A less positive mindset may have seen 10 winners alongside 10 forced errors and 18 unforced errors in the first set, and allowed space for some doubts. A less positive mindset may have watched two clean winners whistle past to break him when serving for the match, and become nervous. The Federer take?
“At the end was the drama, the back and forth. It was very exciting. I really enjoyed myself even though maybe I also was tired and nervous at the end. It was very cool to be part of that match.”
And while most onlookers began scratching their heads during the first set at his relatively poor serving, his slew of backhand errors, and his less than nimble footwork, he found only good feedback.
“Honestly, if I would have felt going into this tournament that my back was going to get worse every match, I probably wouldn’t have played. My hope and my belief is that it’s only going to get better from here because every day that goes by puts me further away from what happened in Montreal. So that’s how I see it.”
He is a player, too, who feeds off the energy of a crowd, and invariably a crowd that gives him their wholehearted support. He played a young American with an uninhibited game, an American that was taking the five-time former champion to his limit, yet Federer’s support was at least as raucous as that for Tiafoe.
“I think in many ways, people were hoping for a good battle between the #NextGen and somebody established like myself. In many ways, also it felt like people were happy to see me again after missing last year. I felt like the energy was in the building. They were very excited about seeing me back on the court, especially after the year that I’ve had. They seemed like a really good crowd, with support for both players. It was a lot of fun playing in that atmosphere.”
Federer is 36, and has been playing at the US Open, man and boy, since the mighty Arthur Ashe arena was erected 20 years ago—as he was keen to point out after the match. Yet his zest for this sport and for the challenge of the chase seems undiminished.
“I think the unknown is the exciting bit, to be quite honest.
“Not knowing how you’re going to feel in a fifth set, not knowing how you’re going to be serving for a match at 5-4 in the fifth. Not knowing how it feels to be broken three straight games, but you still have a chance. In these best-of-five-set matches you have a lot of lives.
“It’s more to go through all those emotional rollercoasters early, the rush of getting crowd support, then the feeling like, Oh, I got to produce something so the crowd gets back into it. Feeling that pressure is not fun, but it’s part of what you go through.”
Yes, it was classic Federer: He is only too aware of his pulling power, his popularity and his legacy.
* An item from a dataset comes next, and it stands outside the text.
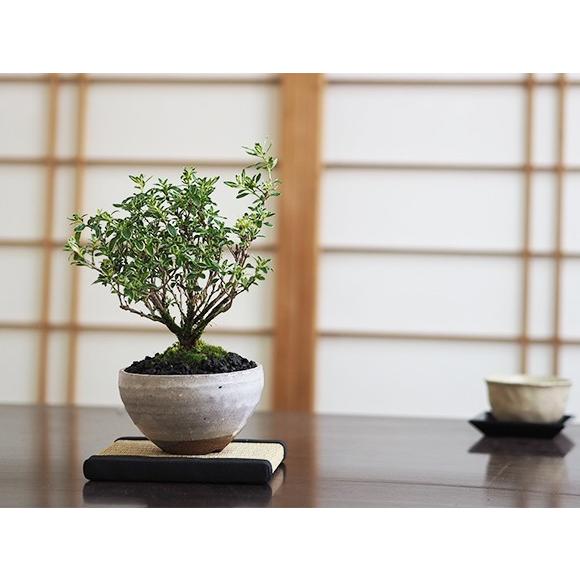 白丁花 : 盆栽妙 ヤフー店 - 通販 - Yahoo!ショッピング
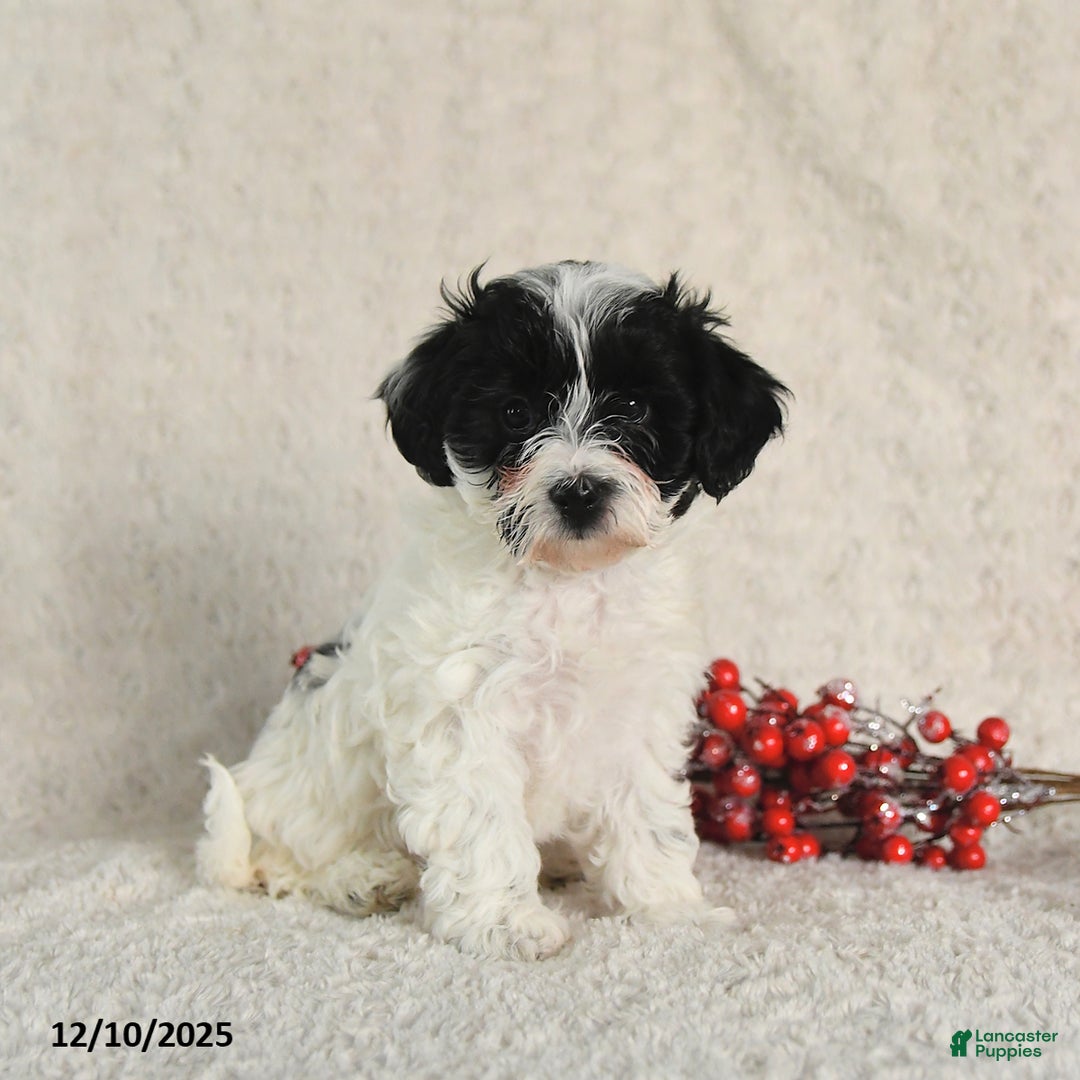 Yorkiepoo dogs for sale: Sheryl - Ad 5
And he loves every minute of it.
A by-product of this particular win was officially to regain the No2 ranking just eight months after he played and won the Australian Open ranked No17. Should he win the title here, he would not only extend many of his own records but reclaim the No1 spot.
His first match here did leave a question mark over such an outcome, about whether his back really is robust enough to survive six more best-of-five matches against—possibly— the likes of Nick Kyrgios, Juan Martin del Potro, Dominic Thiem, and Rafael Nadal.
But if there was ever living proof of the power of positive thinking, Federer is your man.